Give again, word for word, the lines below that run from the line with "公共标示,屏幕截图,图标,厕所标志,小写字母,免费赠品-Square Icons 2.0（PSD）" through the line with "Netherlands ING VISA". Drop the pictures.

═══ THE DATA

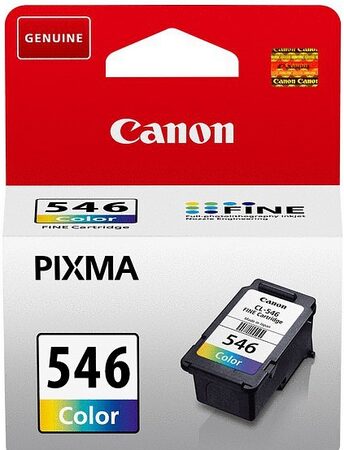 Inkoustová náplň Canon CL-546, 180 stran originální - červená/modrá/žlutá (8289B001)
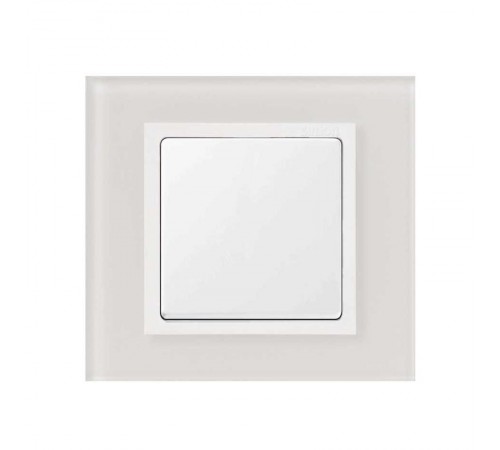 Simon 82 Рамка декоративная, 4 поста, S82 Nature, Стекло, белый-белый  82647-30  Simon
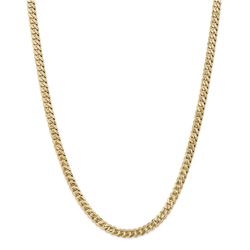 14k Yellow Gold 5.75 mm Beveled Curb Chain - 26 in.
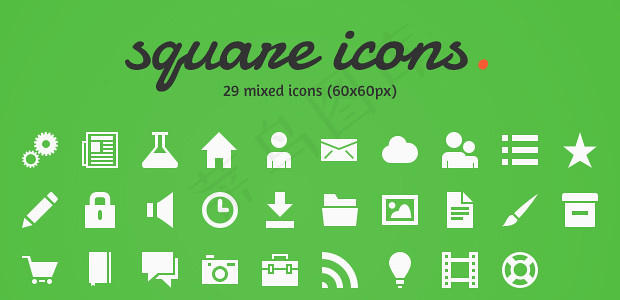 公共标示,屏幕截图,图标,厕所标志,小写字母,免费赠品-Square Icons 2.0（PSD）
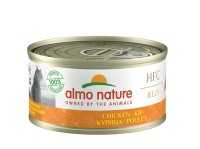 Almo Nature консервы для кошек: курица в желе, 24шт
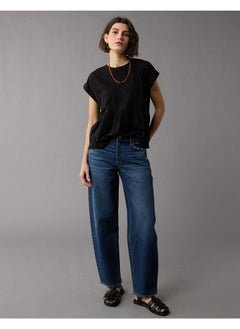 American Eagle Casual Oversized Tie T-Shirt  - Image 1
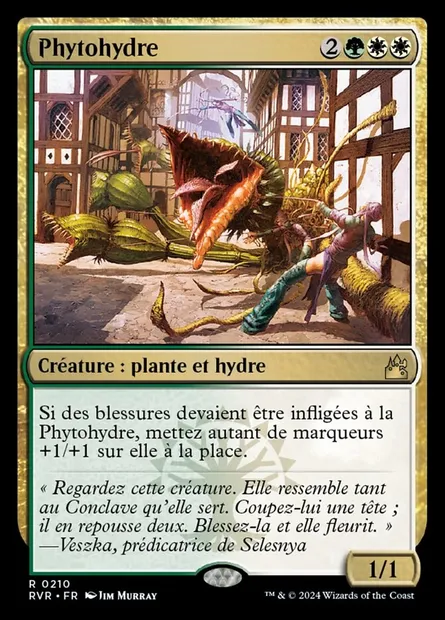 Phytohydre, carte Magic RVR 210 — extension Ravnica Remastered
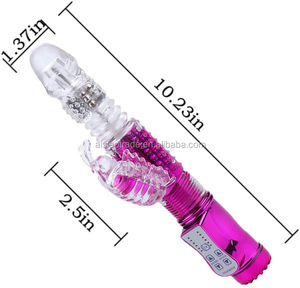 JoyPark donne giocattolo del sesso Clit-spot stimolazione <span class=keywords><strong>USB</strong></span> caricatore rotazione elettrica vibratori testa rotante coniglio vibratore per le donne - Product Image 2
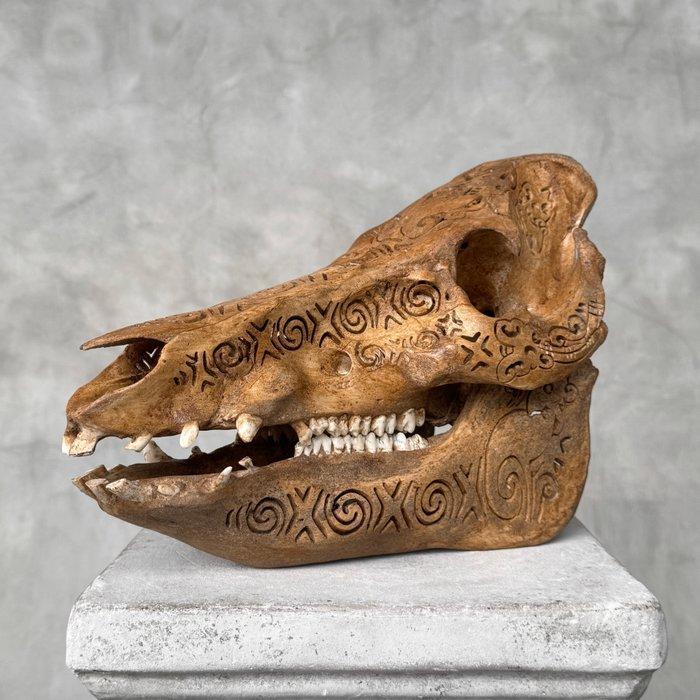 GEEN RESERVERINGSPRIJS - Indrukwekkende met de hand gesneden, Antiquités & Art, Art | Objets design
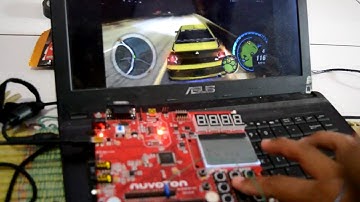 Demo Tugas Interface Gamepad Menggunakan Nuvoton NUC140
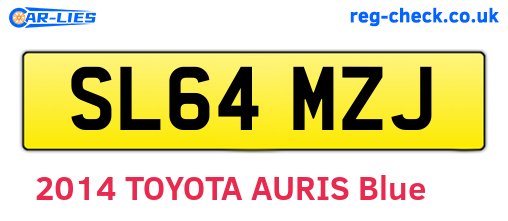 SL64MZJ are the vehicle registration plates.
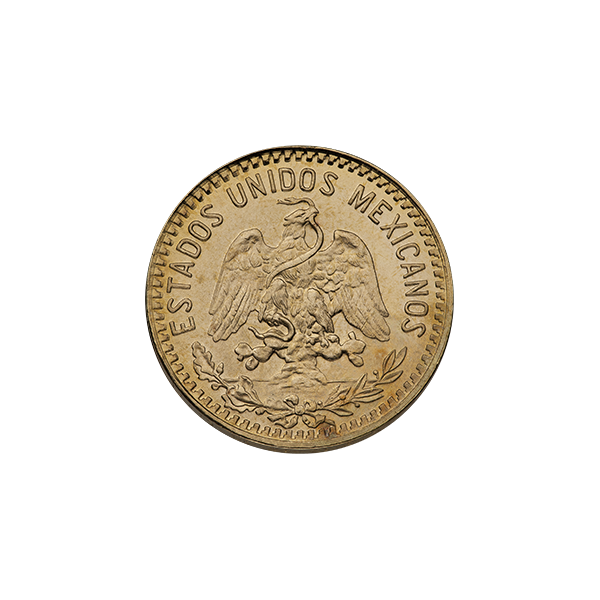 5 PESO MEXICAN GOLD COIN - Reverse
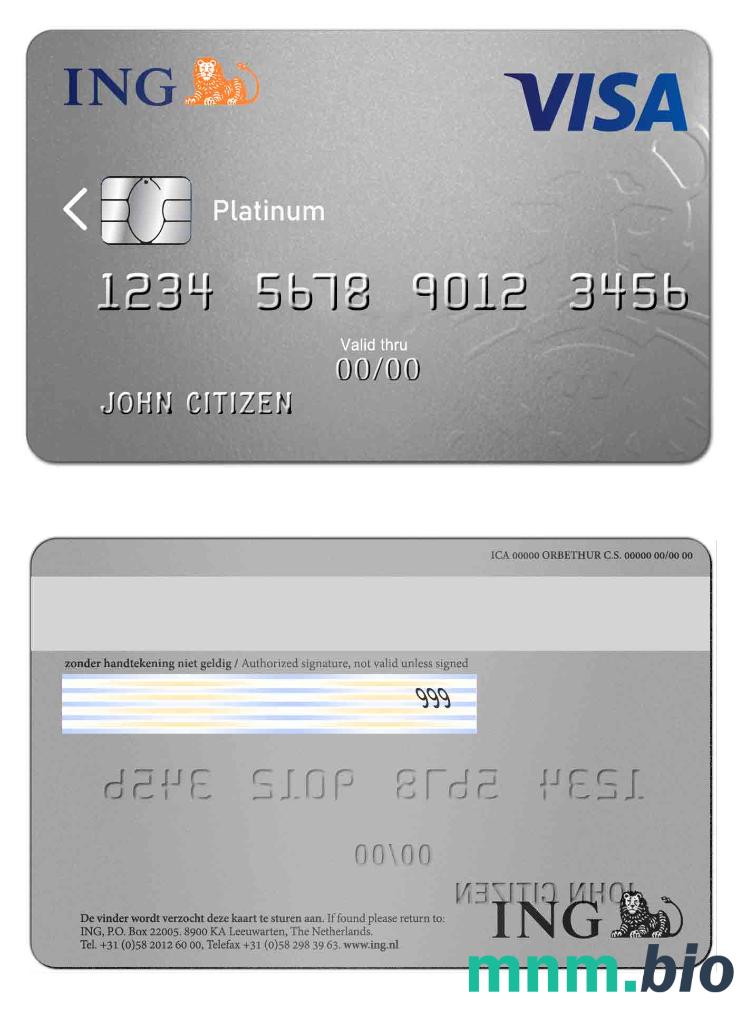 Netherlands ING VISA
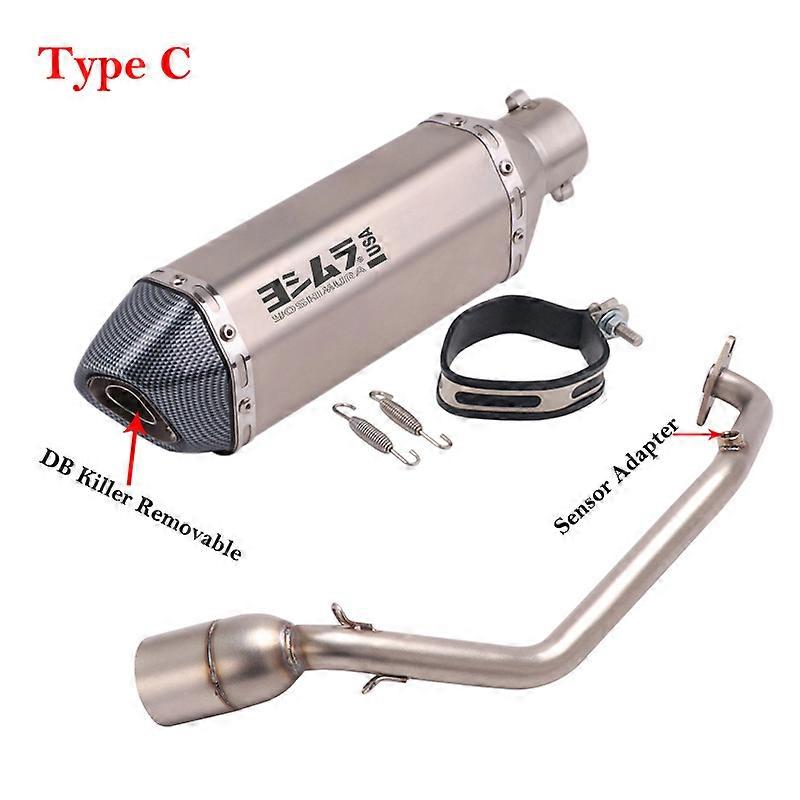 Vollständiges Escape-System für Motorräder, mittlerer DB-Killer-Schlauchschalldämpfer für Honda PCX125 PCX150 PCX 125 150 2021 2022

══════
═══ THE DATA

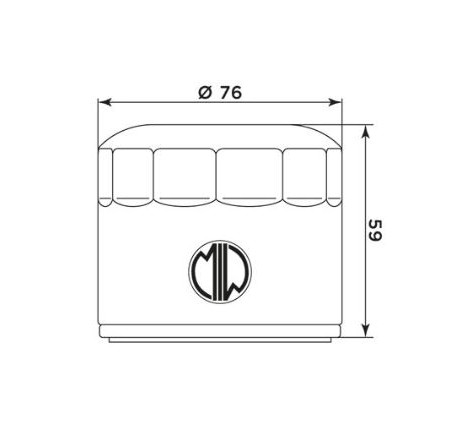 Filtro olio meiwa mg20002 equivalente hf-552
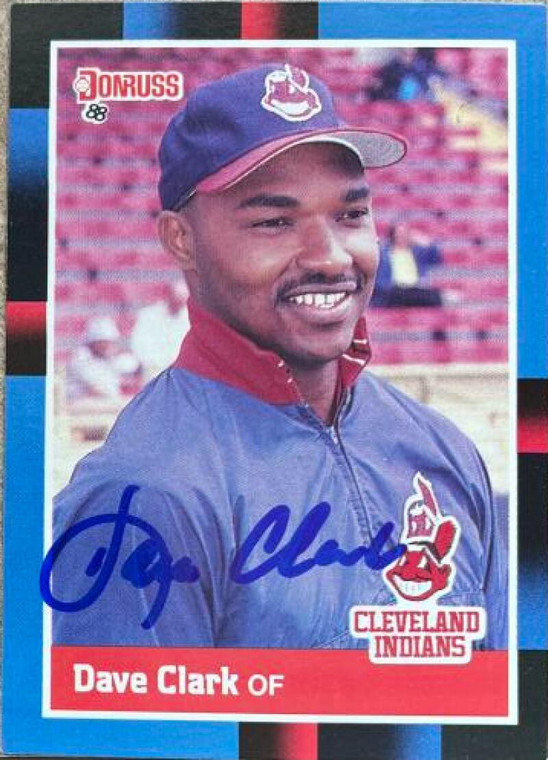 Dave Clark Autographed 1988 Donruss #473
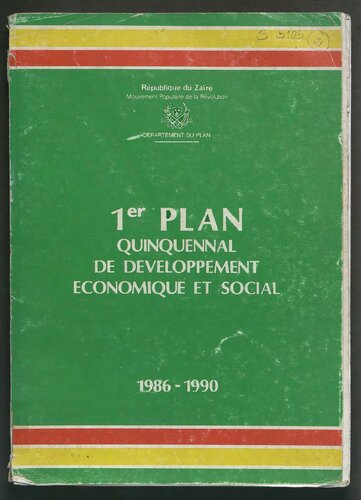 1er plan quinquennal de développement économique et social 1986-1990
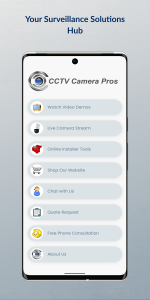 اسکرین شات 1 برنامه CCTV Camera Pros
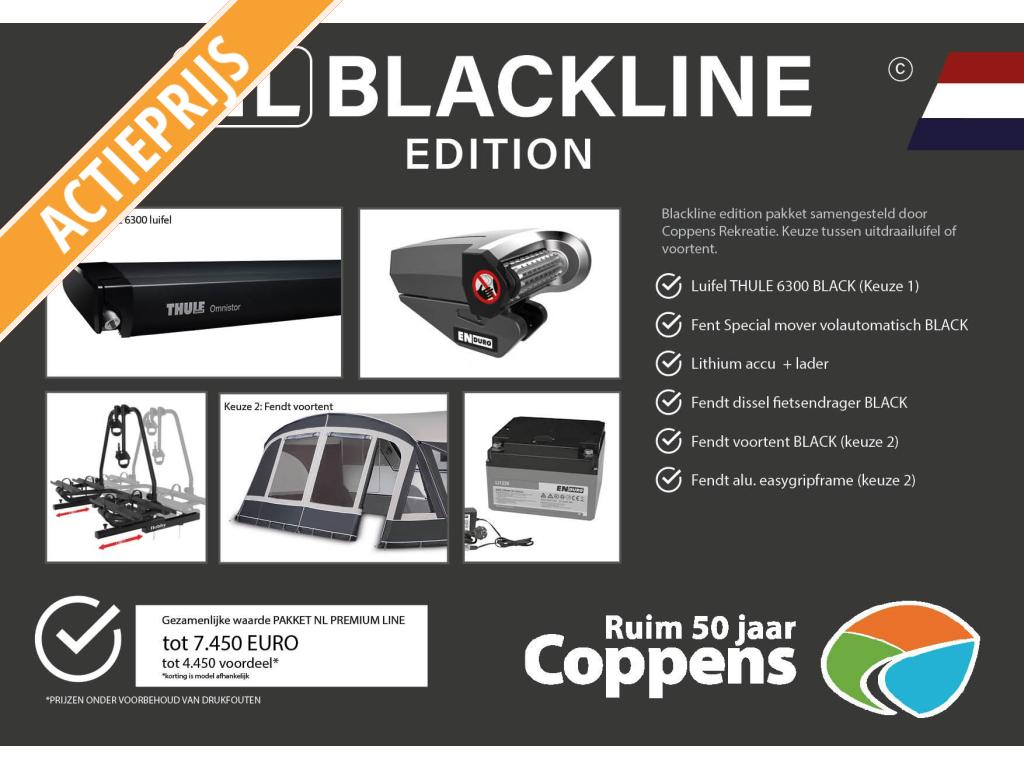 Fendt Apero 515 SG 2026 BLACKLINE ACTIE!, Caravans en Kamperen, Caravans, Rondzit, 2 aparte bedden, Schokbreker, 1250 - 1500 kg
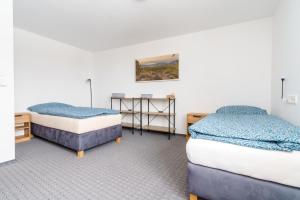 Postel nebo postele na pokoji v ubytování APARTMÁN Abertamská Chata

══════

- **RESPONSE**
 公共标示,屏幕截图,图标,厕所标志,小写字母,免费赠品-Square Icons 2.0（PSD）
 Almo Nature консервы для кошек: курица в желе, 24шт
 American Eagle Casual Oversized Tie T-Shirt  - Image 1
 Phytohydre, carte Magic RVR 210 — extension Ravnica Remastered
 JoyPark donne giocattolo del sesso Clit-spot stimolazione <span class=keywords><strong>USB</strong></span> caricatore rotazione elettrica vibratori testa rotante coniglio vibratore per le donne - Product Image 2
 GEEN RESERVERINGSPRIJS - Indrukwekkende met de hand gesneden, Antiquités & Art, Art | Objets design
 Demo Tugas Interface Gamepad Menggunakan Nuvoton NUC140
 SL64MZJ are the vehicle registration plates.
 5 PESO MEXICAN GOLD COIN - Reverse
 Netherlands ING VISA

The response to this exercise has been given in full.